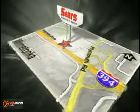Call today to schedule a test drive or stop on by. We're conveniently located on 394.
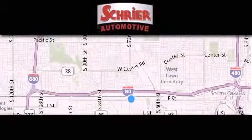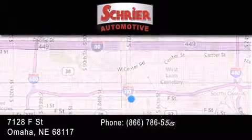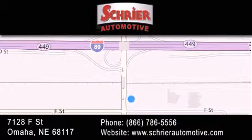Schreier Automotive is located at 7128 F Street in Omaha. Our goal is to exceed all of your expectations to ensure that you'll return for future visits.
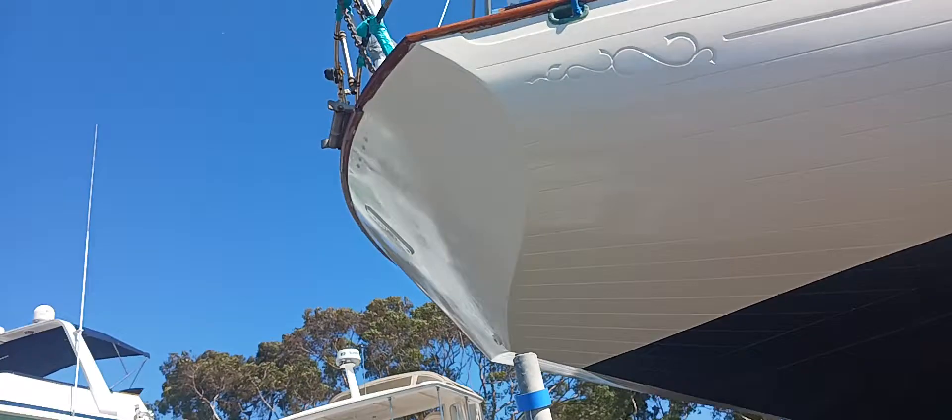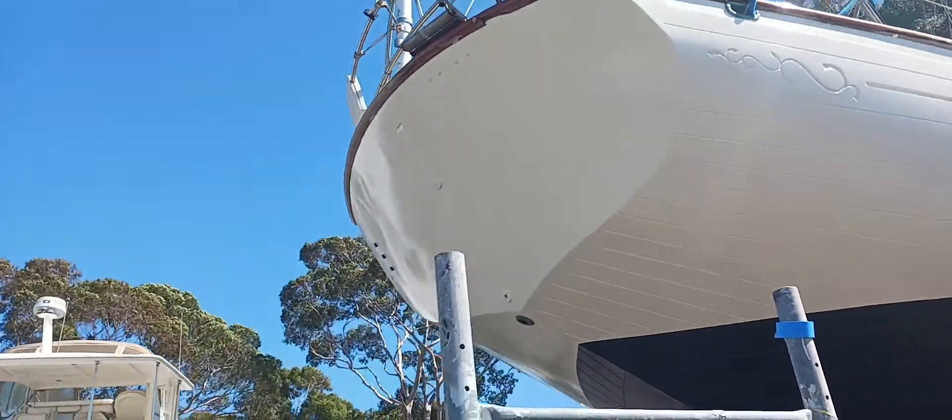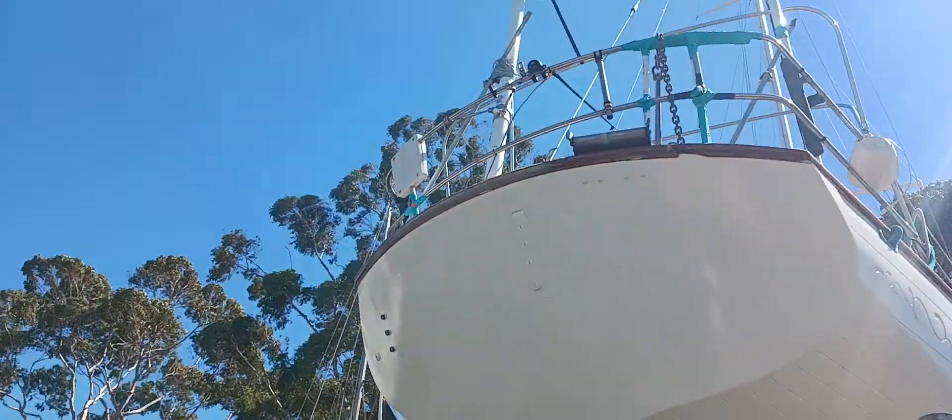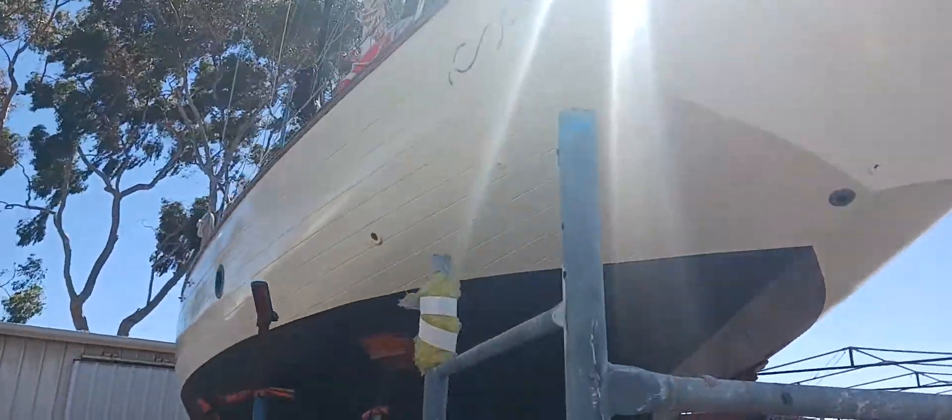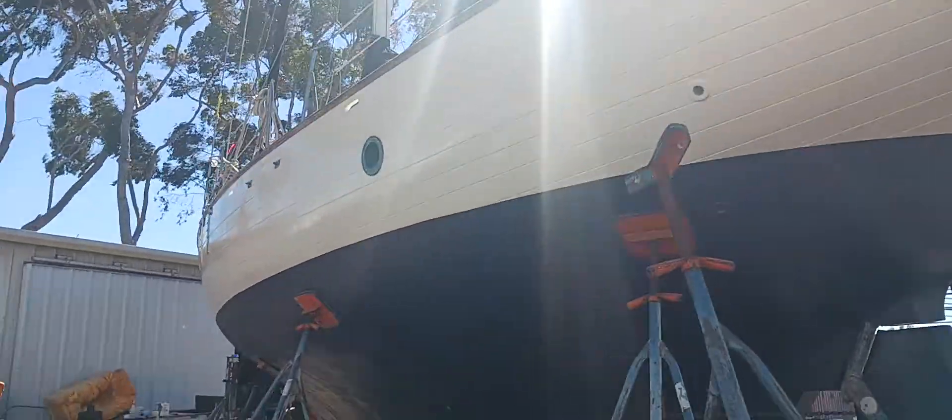This side took me about four hours, including the back. She looks alright.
○ ○ ○ ○ ○ ○ ○
> What to produce
At the line containing "Schreier Automotive is", start reproducing exactly, and stop after the last line of the listing; include both ends, and leave the pictures out.

> Problem solution
Schreier Automotive is located at 7128 F Street in Omaha. Our goal is to exceed all of your expectations to ensure that you'll return for future visits.
This side took me about four hours, including the back. She looks alright.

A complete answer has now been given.